BEGIN Dataset excerpts

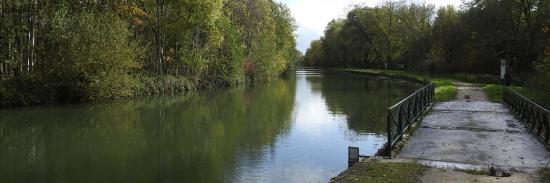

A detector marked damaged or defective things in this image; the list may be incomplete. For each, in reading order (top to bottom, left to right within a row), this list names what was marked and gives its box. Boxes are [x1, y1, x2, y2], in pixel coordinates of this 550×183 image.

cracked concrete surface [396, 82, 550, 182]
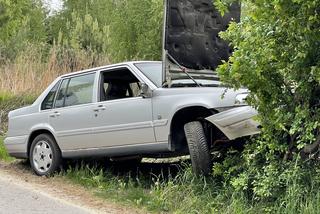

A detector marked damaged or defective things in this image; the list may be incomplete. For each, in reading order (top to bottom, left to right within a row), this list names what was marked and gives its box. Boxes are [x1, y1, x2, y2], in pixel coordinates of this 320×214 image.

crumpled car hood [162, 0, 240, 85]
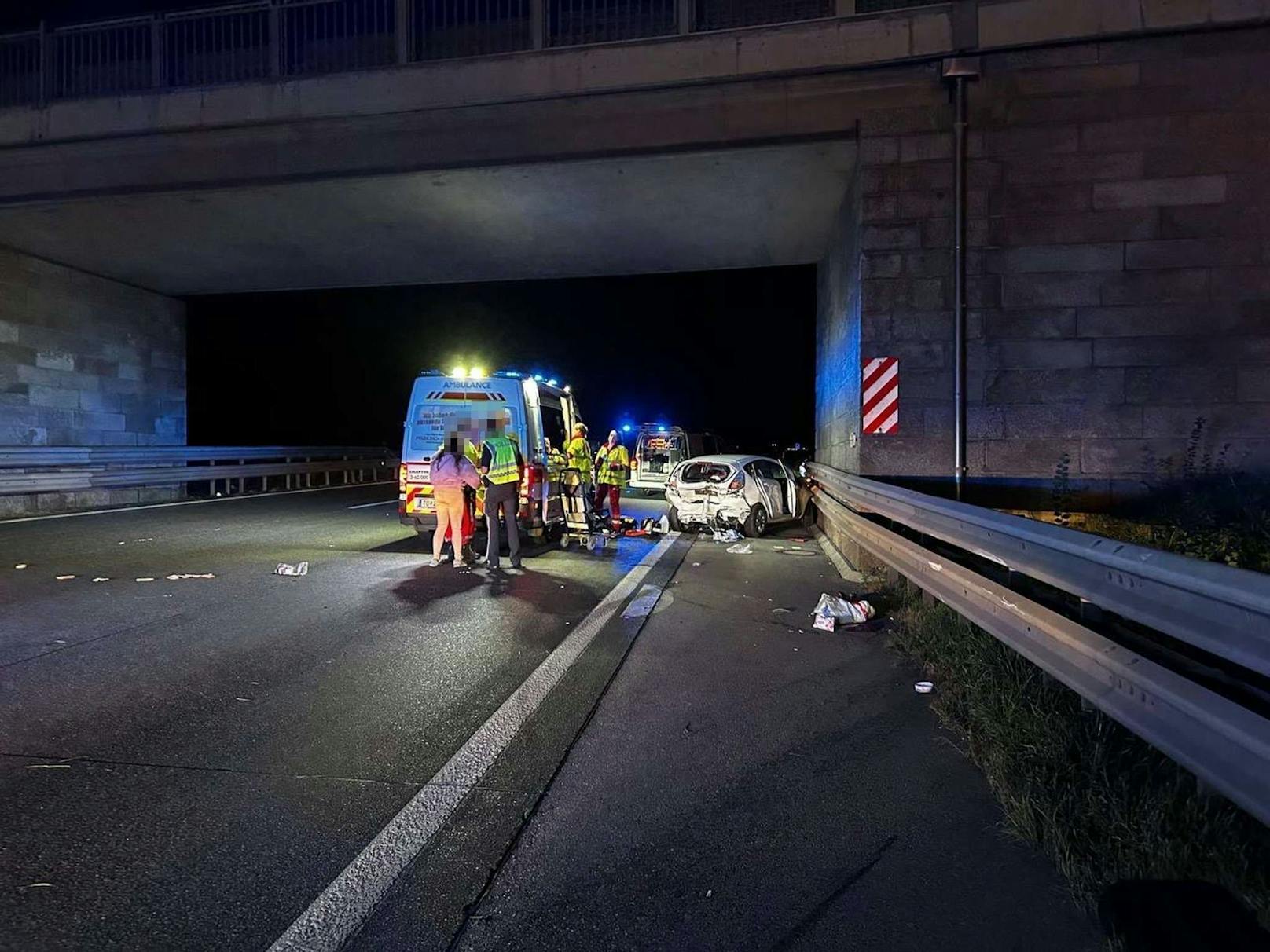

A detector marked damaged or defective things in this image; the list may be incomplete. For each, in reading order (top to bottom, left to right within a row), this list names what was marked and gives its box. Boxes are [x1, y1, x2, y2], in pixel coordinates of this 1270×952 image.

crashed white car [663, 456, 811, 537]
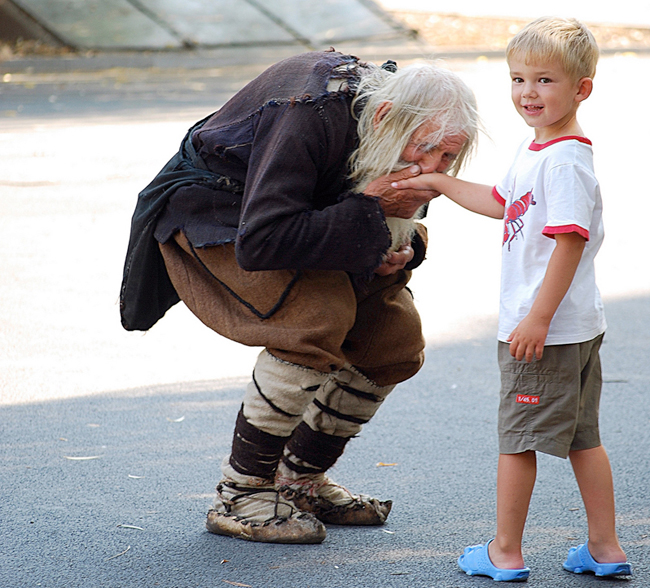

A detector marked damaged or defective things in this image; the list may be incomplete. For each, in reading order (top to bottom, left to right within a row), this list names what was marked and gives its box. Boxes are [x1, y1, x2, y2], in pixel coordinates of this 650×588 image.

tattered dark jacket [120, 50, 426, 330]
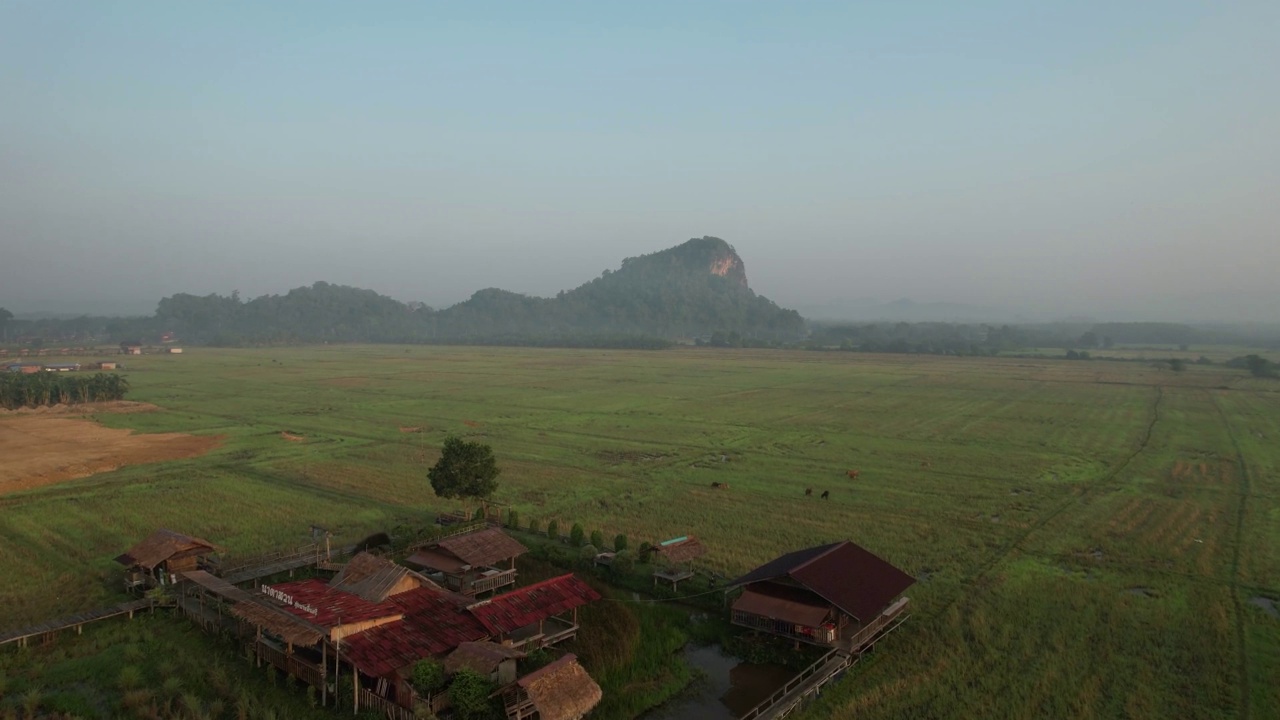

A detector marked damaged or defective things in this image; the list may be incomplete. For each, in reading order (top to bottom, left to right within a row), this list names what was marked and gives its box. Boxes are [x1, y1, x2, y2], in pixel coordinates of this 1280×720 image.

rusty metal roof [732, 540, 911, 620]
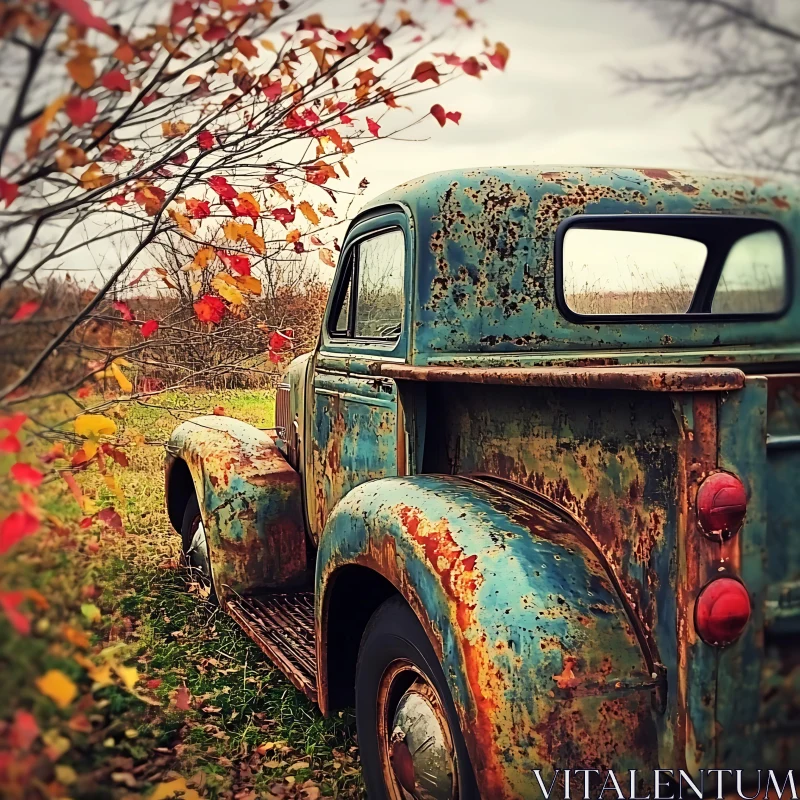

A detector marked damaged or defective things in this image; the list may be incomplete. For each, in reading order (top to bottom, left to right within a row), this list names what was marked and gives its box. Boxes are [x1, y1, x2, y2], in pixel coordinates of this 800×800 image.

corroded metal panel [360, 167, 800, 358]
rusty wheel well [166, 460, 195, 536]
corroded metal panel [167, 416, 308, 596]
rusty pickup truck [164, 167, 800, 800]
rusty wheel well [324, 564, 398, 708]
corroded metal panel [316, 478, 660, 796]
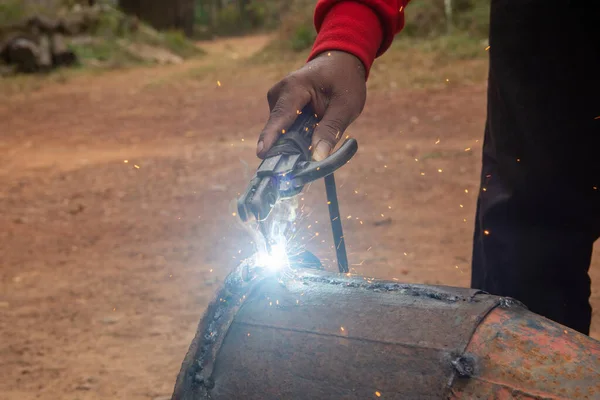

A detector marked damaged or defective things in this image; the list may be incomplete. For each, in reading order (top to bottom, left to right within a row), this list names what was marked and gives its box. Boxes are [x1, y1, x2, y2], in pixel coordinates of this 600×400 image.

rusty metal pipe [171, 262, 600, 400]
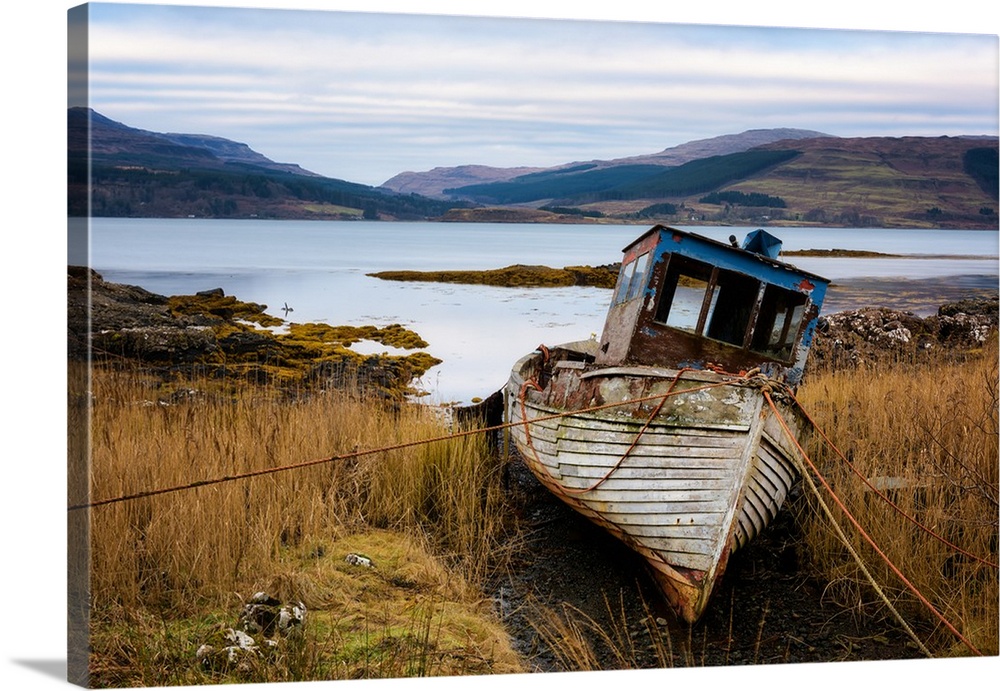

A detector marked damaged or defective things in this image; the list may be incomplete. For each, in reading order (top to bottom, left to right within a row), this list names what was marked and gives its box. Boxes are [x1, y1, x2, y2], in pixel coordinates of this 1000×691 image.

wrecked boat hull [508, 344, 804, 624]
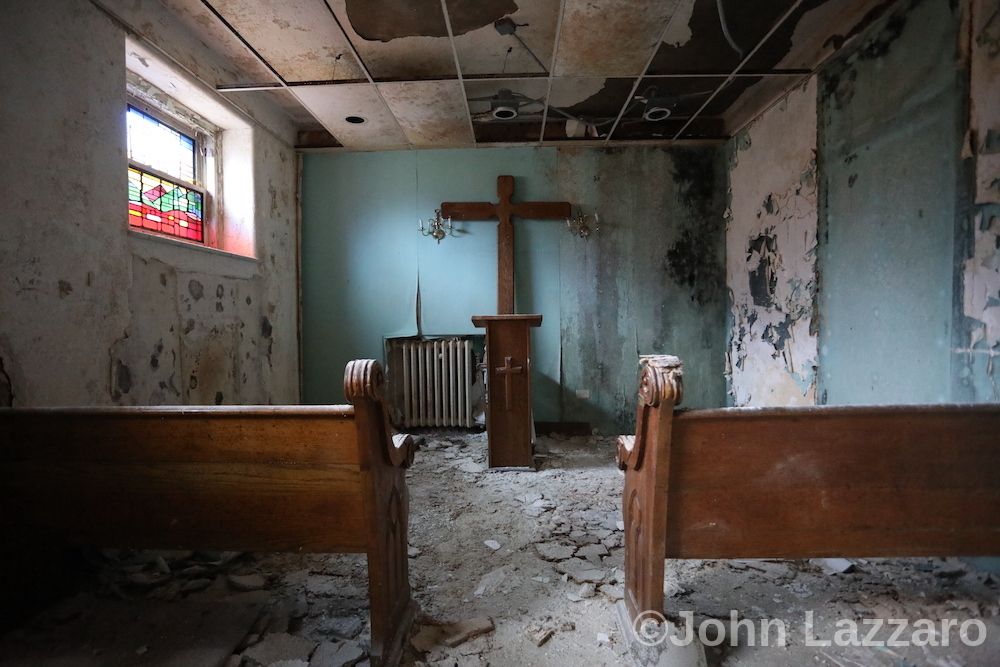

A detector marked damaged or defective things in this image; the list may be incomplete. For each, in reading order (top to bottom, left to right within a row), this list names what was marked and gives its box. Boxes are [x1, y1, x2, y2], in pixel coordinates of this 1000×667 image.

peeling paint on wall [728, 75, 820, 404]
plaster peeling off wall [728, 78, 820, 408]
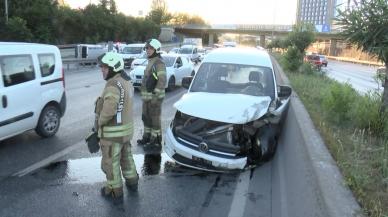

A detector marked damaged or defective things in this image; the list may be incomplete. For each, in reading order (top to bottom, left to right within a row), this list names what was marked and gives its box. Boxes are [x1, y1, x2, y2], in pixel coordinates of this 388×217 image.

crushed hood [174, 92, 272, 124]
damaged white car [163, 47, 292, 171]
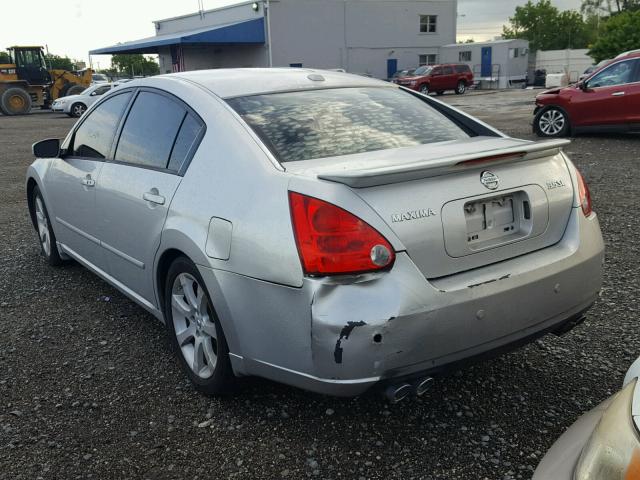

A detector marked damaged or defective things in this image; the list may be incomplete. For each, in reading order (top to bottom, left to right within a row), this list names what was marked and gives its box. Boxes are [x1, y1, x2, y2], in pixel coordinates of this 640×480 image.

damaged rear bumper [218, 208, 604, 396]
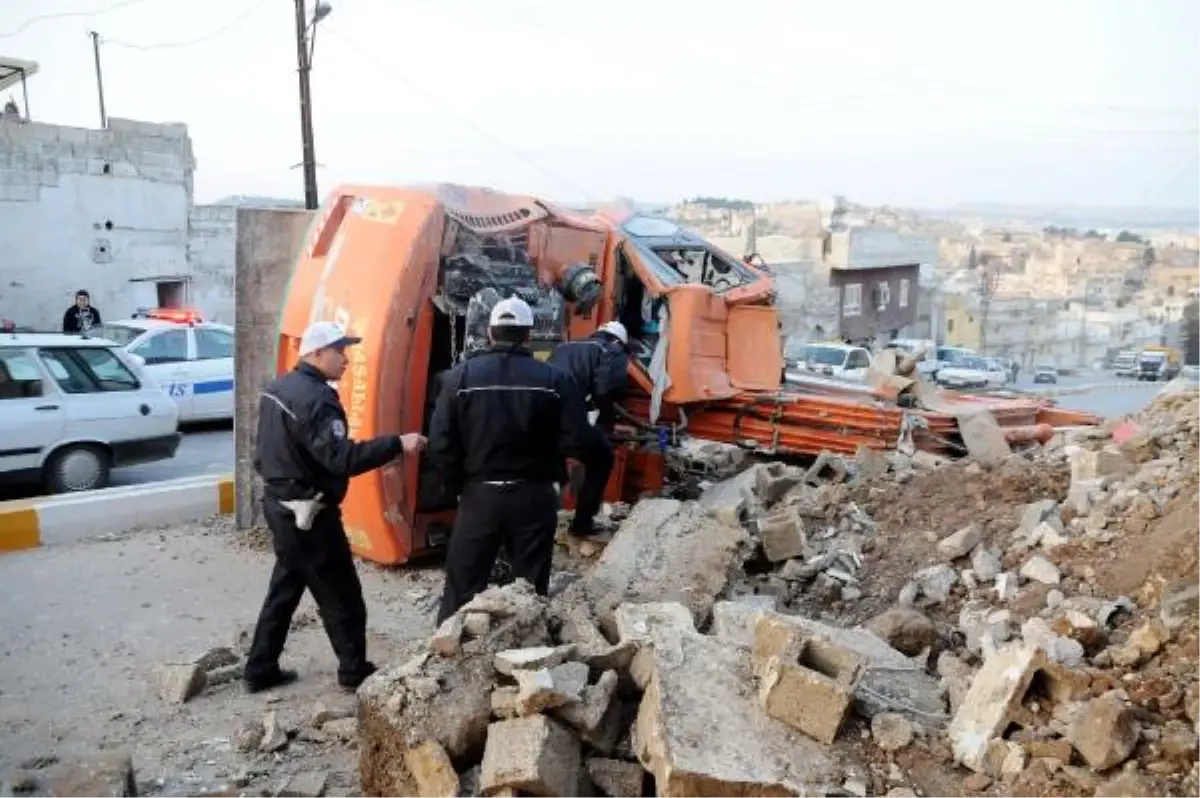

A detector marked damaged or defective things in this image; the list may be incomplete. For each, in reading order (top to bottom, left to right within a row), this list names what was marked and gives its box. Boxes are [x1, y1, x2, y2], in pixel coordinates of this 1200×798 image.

END Dataset excerpts

**Activity:** Print every record exactly without the images.

**Exercise output:**
A detector marked damaged or defective things in this image; the list may be incomplete. For each, in reading order (top to bottom, left to right within a row), this list names what was marked and gives its box. Boxes are [x1, y1, x2, y2], in pixel coordinates of this 550×183 image.

cracked concrete surface [396, 82, 550, 182]

A detector marked damaged or defective things in this image; the list may be incomplete. For each, in reading order (top to bottom, left to right within a row), this list names what was marked and gives its box. Boxes are [x1, y1, x2, y2], in pixel coordinates of this 320×214 image.

crumpled car hood [162, 0, 240, 85]

A detector marked damaged or defective things in this image; the list may be incomplete. For each, in reading order (top to bottom, left to right within a row), this list names what was marked and gives its box. Boxes are [x1, y1, x2, y2], in pixel coordinates of this 1270×952 image.

crashed white car [663, 456, 811, 537]

A detector marked damaged or defective things in this image; the list may be incomplete. For each, in reading order (top to bottom, left to right within a row), this list names what was marked and gives its box. Boxes are [x1, y1, x2, y2], in pixel coordinates of this 650×588 image.

tattered dark jacket [120, 50, 426, 330]

A detector marked damaged or defective things in this image; the list may be incomplete. For each, in reading order (top to bottom, left to right within a row), this list names what was marked and gives its box. Boxes are [x1, y1, x2, y2], in pixel coordinates of this 1280×720 image.

rusty metal roof [732, 540, 911, 620]

A detector marked damaged or defective things in this image; the list may be incomplete. For each, in reading order (top to bottom, left to right within a row), this list names what was marked and gives its box. Boxes are [x1, y1, x2, y2], in pixel coordinates of this 800×800 image.

corroded metal panel [360, 167, 800, 358]
rusty wheel well [166, 460, 195, 536]
corroded metal panel [167, 416, 308, 596]
rusty pickup truck [164, 167, 800, 800]
rusty wheel well [324, 564, 398, 708]
corroded metal panel [316, 478, 660, 796]

A detector marked damaged or defective things in this image; the list may be incomplete. For each, in reading order (top to bottom, left to right within a row), this list names what was marked and gives its box. Boxes are [x1, y1, x2, y2], in pixel coordinates of this 600×400 image.

rusty metal pipe [171, 262, 600, 400]

A detector marked damaged or defective things in this image; the list may be incomplete. For each, in reading order (top to bottom, left to right within a row), this list names what was marked and gives its box. Boxes are [x1, y1, x2, y2], in pixel coordinates of this 1000×691 image.

wrecked boat hull [508, 344, 804, 624]

A detector marked damaged or defective things in this image; the list may be incomplete. For each, in reading order (top to bottom, left to right within a row), this list names what was marked and gives its box. Boxes are [x1, y1, x2, y2], in pixel coordinates of this 1000×667 image.

peeling paint on wall [728, 75, 820, 404]
plaster peeling off wall [728, 78, 820, 408]

A detector marked damaged or defective things in this image; the list may be incomplete. For each, in reading order (top to bottom, left to right within a row), this list names what was marked and gives its box. Boxes are [x1, y1, x2, y2], in pixel coordinates of this 388×217 image.

crushed hood [174, 92, 272, 124]
damaged white car [163, 47, 292, 171]

A detector marked damaged or defective things in this image; the list may be incomplete. For each, in reading order (top to bottom, left to right within a row), this list names what was marked and gives its box. Boxes are [x1, y1, x2, y2], in pixel coordinates of this 640×480 image.

damaged rear bumper [218, 208, 604, 396]

A detector marked damaged or defective things in this image; the list may be incomplete. For each, in reading order (top to bottom, left to right within a row), this list names what was marked and gives its box. Boxes are [x1, y1, x2, y2], in pixel coordinates of this 1200×798 image.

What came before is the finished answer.